§ **TASK DETAILS**: Retype the entries exactly, but skip the pictures.

§ **WORKING DATA**:
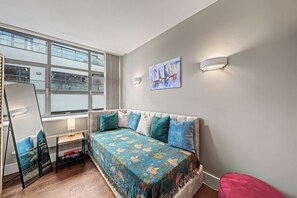 Un dormitorio con cama, escritorio, silla, ventana y un cuadro en la pared.
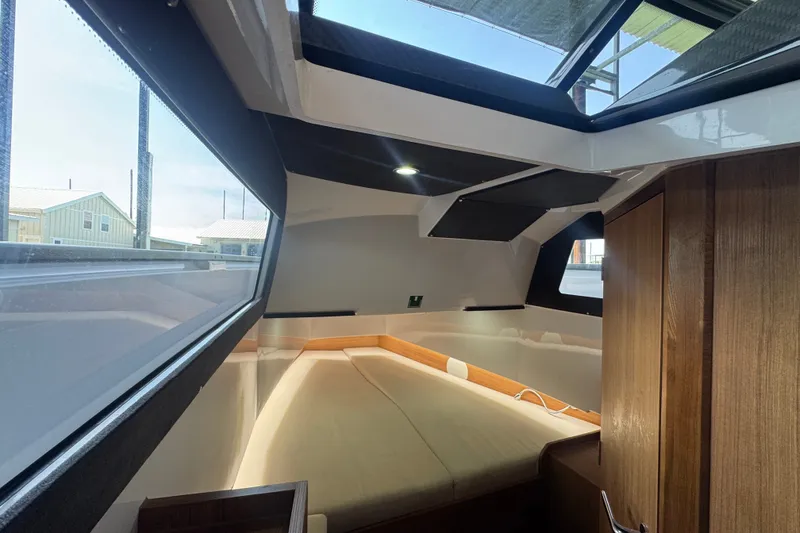 Slide: The Image of Interior cabin of 2026 VIRTUE YACHTS V33 Top with modern design and large windows. - 8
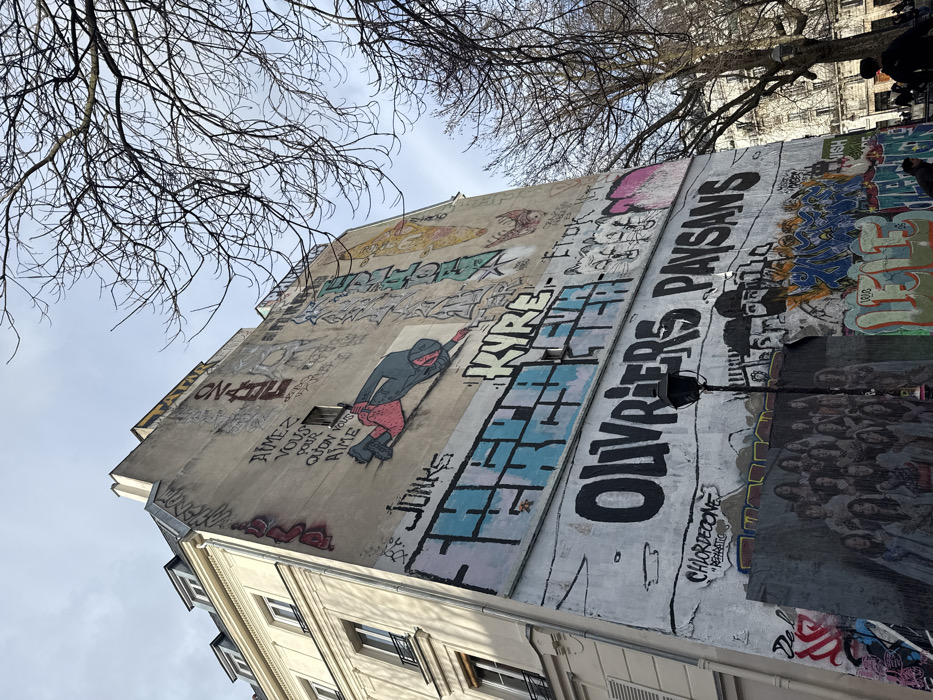 This image depicts a street scene in Paris, France, centered on a large building facade extensively covered in graffiti and murals. To the left, a multi-story Haussmannian-style building features a light-colored, ornate facade with numerous windows, dark frames, and light-toned shutters. To the right, an adjacent, tall, windowless concrete or plastered wall serves as a canvas for a dense collection of urban art.
The graffiti wall displays multiple layers of artwork. Towards the top, text reads "AIMEZ VOUS POUR QU'ON VOUS AIME" (Love yourself so that you are loved), below which a large graphic shows a figure in a red top and dark pants sliding diagonally downwards. Mid-wall, prominent block letters include "JONKS" and "KYRE," above the large black sans-serif text "OUVRIERS PAYSANS" (Workers Peasants). Below this, a black, ornate street lamp stands in the foreground, partially obscuring the lower murals. To the left of the lamp, a rectangular mural features a group of approximately 20-25 young women, primarily with long hair and light-colored attire, arranged in rows. To the right of the lamp, additional graffiti includes stylized faces, a bearded figure with a cap, and various blue, orange, and black tags.
Bare, deciduous tree branches with no leaves frame the upper right portion of the image, silhouetted against an overcast or partly cloudy sky. In the far lower right, several indistinct human figures are visible on a sidewalk or street, with another classic Parisian building faintly visible in the background.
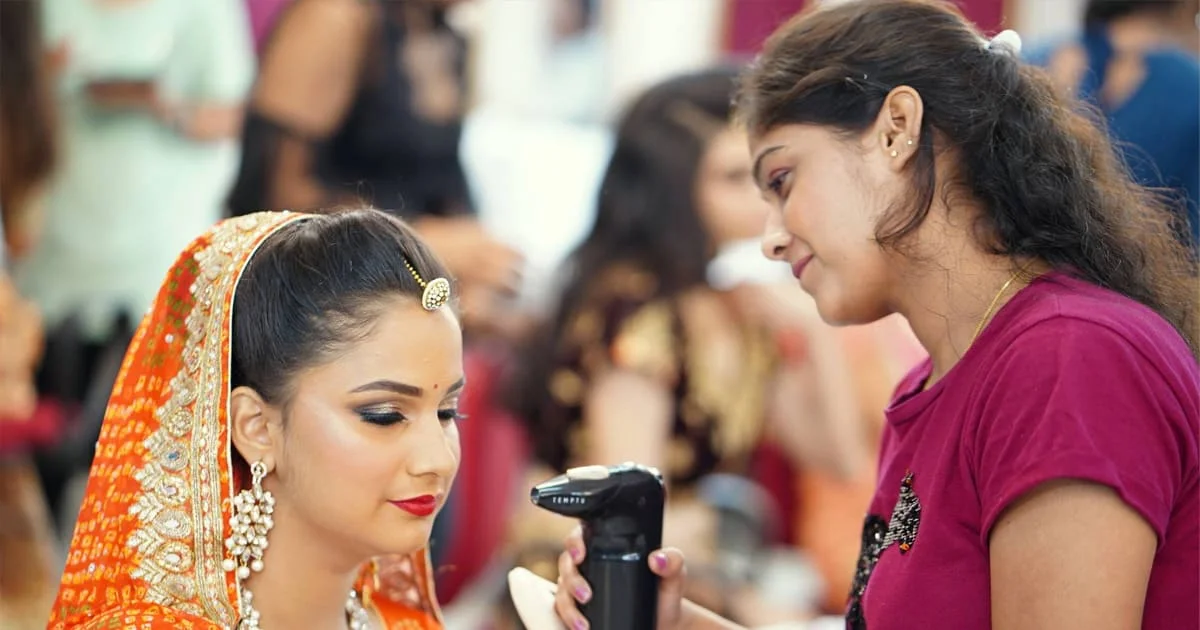 Professional airbrush makeup artist applying flawless foundation at Trytoon Beauty and Wellness Academy Bhubaneswar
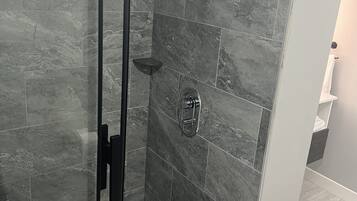 Shower, hair dryer, towels, toilet paper
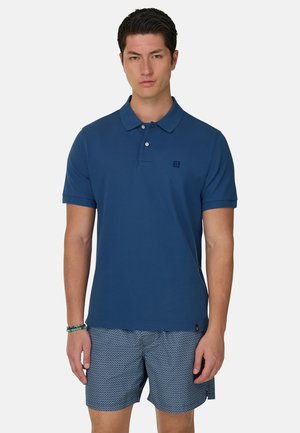 Hombre con una camisa polo de manga corta azul y pantalones cortos azules con estampado, de pie contra un fondo liso.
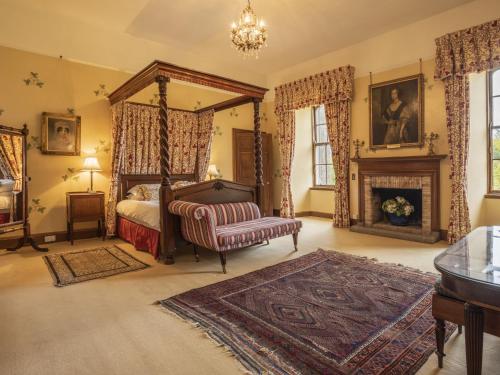 a bedroom with a canopy bed and a fireplace at Apartment Macduff Tower by Interhome in Angus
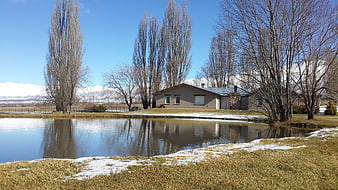 Rural house with pond and snow-capped mountains in spring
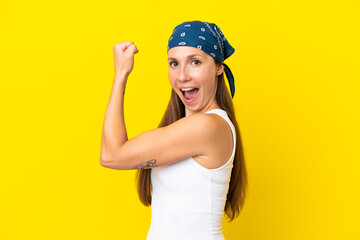 Young English woman isolated on yellow background doing strong gesture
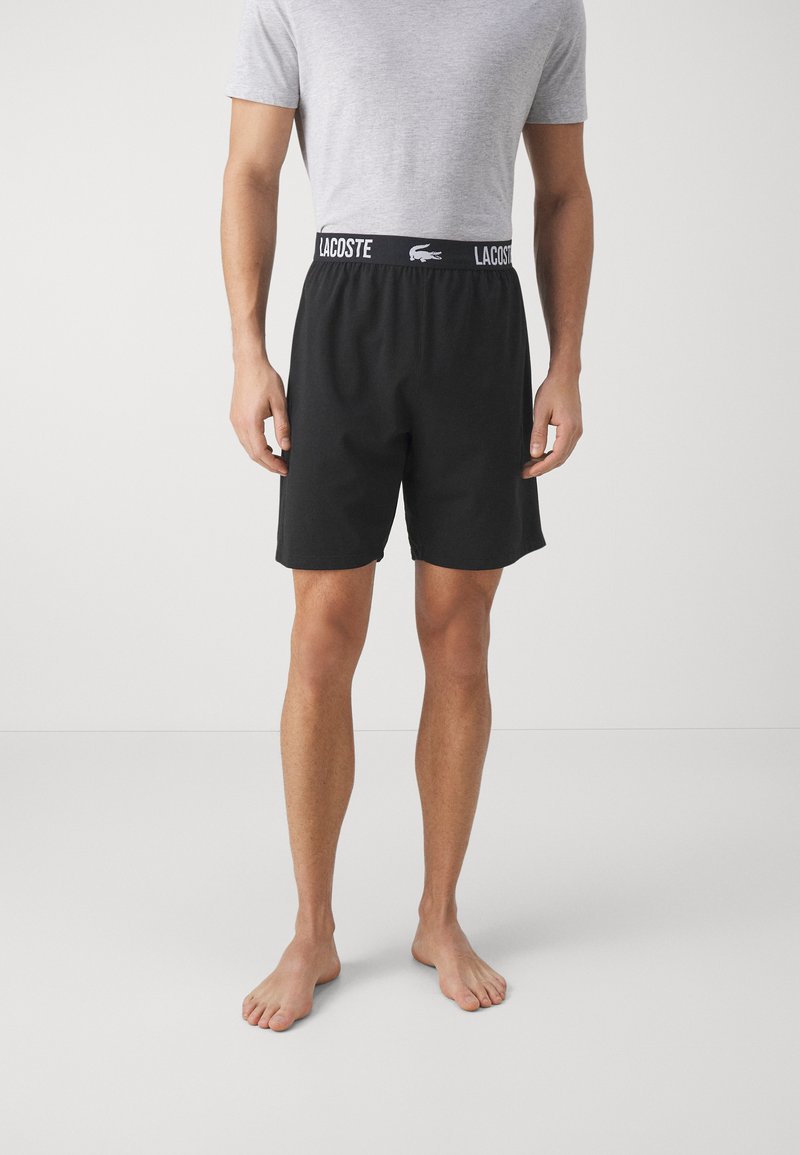 Shorts noirs avec ceinture élastique arborant le logo "LACOSTE", fabriqués en tissu doux et dotés d'une coupe décontractée.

§ **PROBLEM SOLUTION**:
 Un dormitorio con cama, escritorio, silla, ventana y un cuadro en la pared.
 Slide: The Image of Interior cabin of 2026 VIRTUE YACHTS V33 Top with modern design and large windows. - 8
 This image depicts a street scene in Paris, France, centered on a large building facade extensively covered in graffiti and murals. To the left, a multi-story Haussmannian-style building features a light-colored, ornate facade with numerous windows, dark frames, and light-toned shutters. To the right, an adjacent, tall, windowless concrete or plastered wall serves as a canvas for a dense collection of urban art.
The graffiti wall displays multiple layers of artwork. Towards the top, text reads "AIMEZ VOUS POUR QU'ON VOUS AIME" (Love yourself so that you are loved), below which a large graphic shows a figure in a red top and dark pants sliding diagonally downwards. Mid-wall, prominent block letters include "JONKS" and "KYRE," above the large black sans-serif text "OUVRIERS PAYSANS" (Workers Peasants). Below this, a black, ornate street lamp stands in the foreground, partially obscuring the lower murals. To the left of the lamp, a rectangular mural features a group of approximately 20-25 young women, primarily with long hair and light-colored attire, arranged in rows. To the right of the lamp, additional graffiti includes stylized faces, a bearded figure with a cap, and various blue, orange, and black tags.
Bare, deciduous tree branches with no leaves frame the upper right portion of the image, silhouetted against an overcast or partly cloudy sky. In the far lower right, several indistinct human figures are visible on a sidewalk or street, with another classic Parisian building faintly visible in the background.
 Professional airbrush makeup artist applying flawless foundation at Trytoon Beauty and Wellness Academy Bhubaneswar
 Shower, hair dryer, towels, toilet paper
 Hombre con una camisa polo de manga corta azul y pantalones cortos azules con estampado, de pie contra un fondo liso.
 a bedroom with a canopy bed and a fireplace at Apartment Macduff Tower by Interhome in Angus
 Rural house with pond and snow-capped mountains in spring
 Young English woman isolated on yellow background doing strong gesture
 Shorts noirs avec ceinture élastique arborant le logo "LACOSTE", fabriqués en tissu doux et dotés d'une coupe décontractée.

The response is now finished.